• Competitor rules

    Please remember that any mention of competitors, hinting at competitors or offering to provide details of competitors will result in an account suspension. The full rules can be found under the 'Terms and Rules' link in the bottom right corner of your screen. Just don't mention competitors in any way, shape or form and you'll be OK.

"AMD - 5870 is better than fermi"

Soldato
Joined
18 May 2003
Posts
4,894
http://vr-zone.com/forums/496780/amd-ati-hd-5870-is-better-than-nvidia-fermi.html
12558204291df7f95851.jpg
 
rofl@ GFLOPs, id like to see the fermi released first.

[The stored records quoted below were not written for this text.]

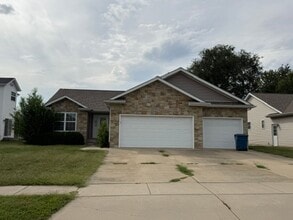 Building Photo - 417 DAHLIA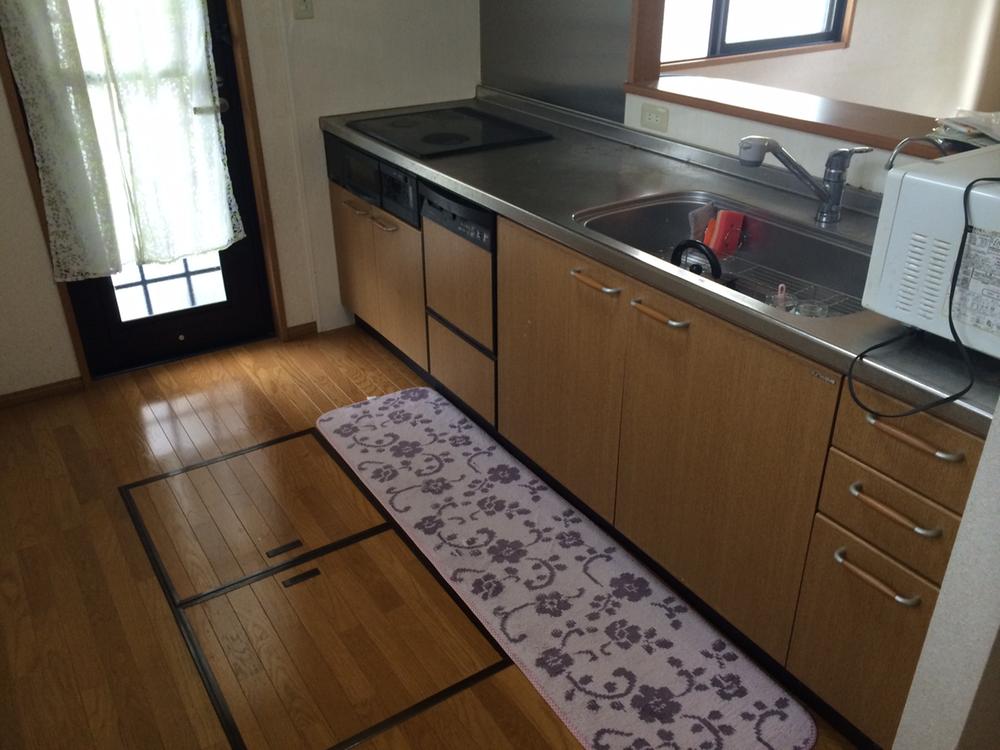 Kitchen. Indoor (11 May 2013) Shooting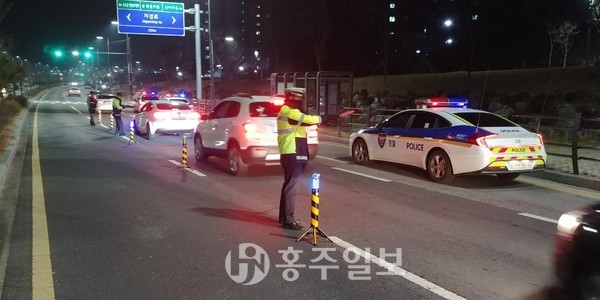 홍성경찰서(서장 김기종)가 지난해 12월부터 오는 31일까지 음주운전 근절을 위한 특별 음주단속을 실시한다.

Nvidia have already stated their numbers, and honestly the only way it will change is if they go down due to releasing at lower clocks than expected.

IT is rather hilarious that Nvidia have gone all out to build a GPGPU with massive double precision power, and AMD with little to no extra effort have got a card with around two thirds the double precision power, and higher single precision power with no sacrifices being made.

Considering GPGPU is 1-2% of Nvidia's business and GPU the massive majority, its odd that Nvidia have shifted so heavily so quickly. AMD/Intel can make cards for that market, when its worth more than the $78 in revenue and almost no profit that Nvidia made last year from GPGPU's.
 
Nvidia "shader cores" aren't comparable with AMDs. The 240-core GTX280 was faster than the 800-core 4800 after all. AMD is well aware of this fact, and apparently chooses to ignore it.

Also, if Fermi has a maximum throughput of 1.5TF I will eat my own ****. Not sure where they get that number from...

I guess this is one of the pitfalls of announcing your product and not providing any performance numbers - it lets your rivals run wild with speculation!
 
Nvidia "shader cores" aren't comparable with AMDs. The 240-core GTX280 was faster than the 800-core 4800 after all. AMD is well aware of this fact, and apparently chooses to ignore it.

Also, if Fermi has a maximum throughput of 1.5TF I will eat my own ****. Not sure where they get that number from...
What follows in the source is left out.